Here is a brief methodology description of both methods:

TIMER:

Select signature genes (Gi, n=2271) overexpressed in the immune lineage from IRIS

They specifically select six cell type whose expression signatures are not correlated

Select cancer type specific gene negatively correlated with tumor purity (Gp) and then intersect it with Gi to generate G0

Then calculate median expression in all samples available for that cell type for each gene in G0 and create six gene expression vector, each for one cell type.

Apply iterative linear least squares regression (LLSR)

CIBERSORT:

Get expression signature and calculate 2-norm condition number (control multicolinearity and get features with maximal discriminatory power).

Apply SVR regularized by L2 norm. SVR fits data point with 'constant distance cube' using ε-insensitive loss function (feature selection) and L2 regularization to mitigate multicolinearity.

One should keep in mind the subtle yet important distinction between these two tools: CIBERSORT infers the relative abundance of immune subsets in the total leukocyte population.
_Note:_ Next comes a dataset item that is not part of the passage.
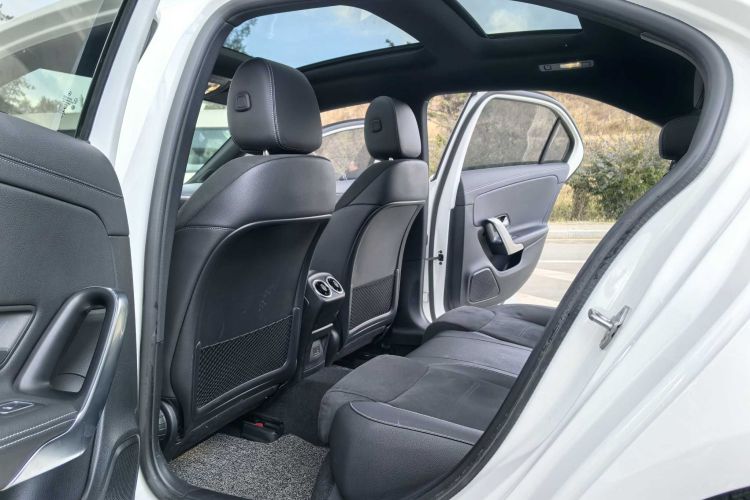 奔驰A级 2022款 改款二 A 200 L 运动轿车时尚型中控内饰7003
TIMER, on the other hand, calculates the fraction of immune cells with respective to entire tumor microenvironment: everything in the sample instead of immune cells alone.

Statistical assumption for linear model

Both methods apply linear model on RNA-Seq data to dissect immune cells. To use linear model, a number of assumption should be considered to ensure best performance. Now let's go over statistical assumptions for linear model.
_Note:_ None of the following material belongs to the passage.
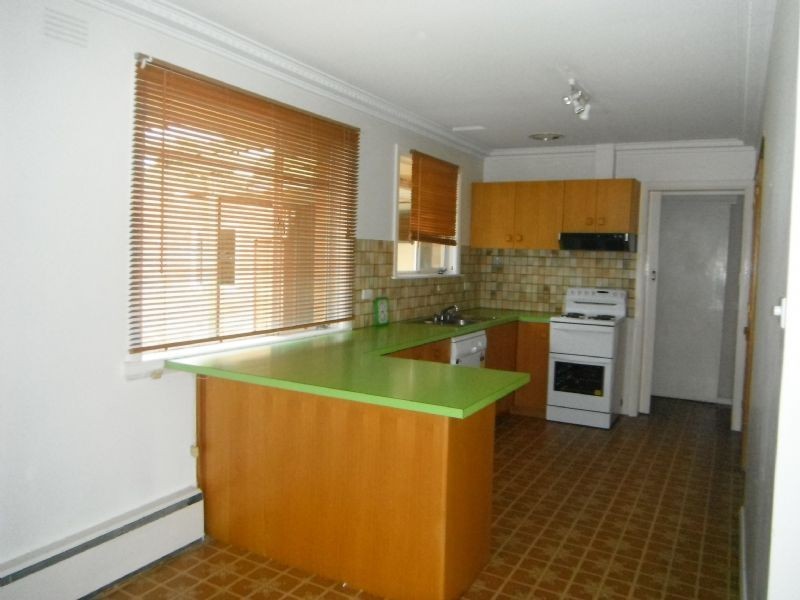 4 Cherry Street, Glen Waverley VIC 3150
Multicolinearity: First and foremost, multicolinearity is one of the focus of TIMER against CIBERSORT in their correspondence. Apparently, some cell types (for example T-helper 1 and T-helper 2) have close lineage and similar expression profile (although they may be functionally different). When we try to seperate them using linear model, their correlated expression features cause multicolinearity and make the model unstable (dependent variable may change dramatically in response to small changes of independent variables). TIMER choose avoid multicolinearity by only modeling six dissimilar cell types (step 2 in TIMER methodology described above). On the other hand, CIBERSORT applies support vector regression (SVR) regularized by L2 norm (same as ridge regression) which supposedly counteract multicolinearity (both expression feature selection by SVR and coefficient shrinkage by L2 penalty).

Homoscedasticity

Compared with lowly expressed gene, highly expressed genes usually have expression value with larger variance among samples. This variance - mean dependence should be handled by normalization methods, such as Logarithm or VST.

Linearity: Besides, linearity is another issue when apply linear model on RNA-Seq data.

Library construction: RNA-Seq library construction, unlike microarray, is 0-sum game which causes dependency (Since the total amount of reads in library is fixed, inclusion of one read belonging to one expression signature means the exclusion of another read belonging to another expression signature). Such dependency leads to multicolinearity issue and consequently non-linear relationship. This issue in inherited in the raw data and unlikely to be fixed by normalization method.

Data normalization: In RNA-Seq analysis, certain readcount normalization is applied to deal with either library size or heteroscedasticity. Would this data transformation skews the linearity? Some papers point out that, in microarray data, the use of logarithm skews linearity although author of csSAM claims in his correspondence that in reality log-transformed value often yields lower false discovery rate. In RNA-Seq, Benchmarking shows that Kallisto.TPM and Salmon.TPM yield better lineary relationship. Besides, Author of voom suggests logCPM for better linearity preservation.

In sum, as an overdetermined system, inferring cell type composition from expression profile is theoretically feasible. Linearity may be problematic depending on the normalization method. Variables dependency during RNA-Seq library construction inherits in the raw data and may be not fixable. Besides, PCR amplification and data normalization may bring further complication.